Politics

Obamacare Author: We Shouldn’t Have Passed Obamacare The Way We Did

Font Size:

Democratic Sen. Tom Harkin, who helped co-author Obamacare in 2009 and 2010, says the bill is too complicated and Congress probably shouldn’t have passed it at all.

Harkin, a liberal senator who’s in favor of a single-payer health-care system, told The Hill Wednesday that the Affordable Care Act turned out too complicated and doesn’t actually make health care more affordable for most people. As chairman of the Senate Health, Education, Labor, and Pensions Committee, Harkin was instrumental in constructing Obamacare and getting the bill passed, but is retiring this year.

“We had the power to do it in a way that would have simplified healthcare, made it more efficient and made it less costly and we didn’t do it,” Harkin told The Hill. “So I look back and say we should have either done it the correct way or not done anything at all.”

Harkin’s the second high-profile Democrat to pull his support from the law. New York Sen. Chuck Schumer, the third-ranking Democrat in the Senate, said in November that Congress should not have passed Obamacare because the law does not help the middle class. (RELATED: Schumer: We Shouldn’t Have Passed Obamacare In 2010)

“Unfortunately Democrats blew the opportunity the American people gave them,” Schumer said. “We took their mandate and put all of our focus on the wrong problem — health-care reform.”

Harkin is less worried about the middle class and more concerned that Obamacare lacks a government-provided coverage option.

“What we did is we muddled through and we got a system that is complex, convoluted, needs some corrections and still rewards the insurance companies extensively,” Harkin continued.
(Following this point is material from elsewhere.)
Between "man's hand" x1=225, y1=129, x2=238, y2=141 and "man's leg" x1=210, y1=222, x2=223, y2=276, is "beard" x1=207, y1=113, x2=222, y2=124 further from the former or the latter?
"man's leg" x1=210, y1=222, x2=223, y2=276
Insurance companies are some of the biggest beneficiaries of Obamacare now that all Americans are required to purchase their product and many are given federal subsidies to do so. (RELATED: GAO: Largest Health Insurers Have Gotten Even Bigger Since Obamacare Passed)

“We had the votes in ’09” for a law included single-payer or a public option, Harkin said. “We had a huge majority in the House, we had 60 votes in the Senate.”

The retiring senator charged that Congress should have passed “single-payer right from the get-go or at least put a public option, would have simplified a lot,” according to The Hill. “We had the votes to do that and we blew it.”

“The House passed public option. We had the votes in the Senate for cloture,” Harkin argued. “There were only three Democrats that held out and we could have had those three,” he said, referring to Sens. Blanche Lincoln, Ben Nelson and Joe Lieberman. “We could have had all three of them if the president would have been just willing to do some political things but he wouldn’t do it.”

Obamacare turned out unnecessarily complicated, Harkin explained, because Democrats were attempting to appease the few senators who were still on the fence about voting for the law. “So as a result we’ve got this complicated thing out there called the Affordable Care Act,” he concluded.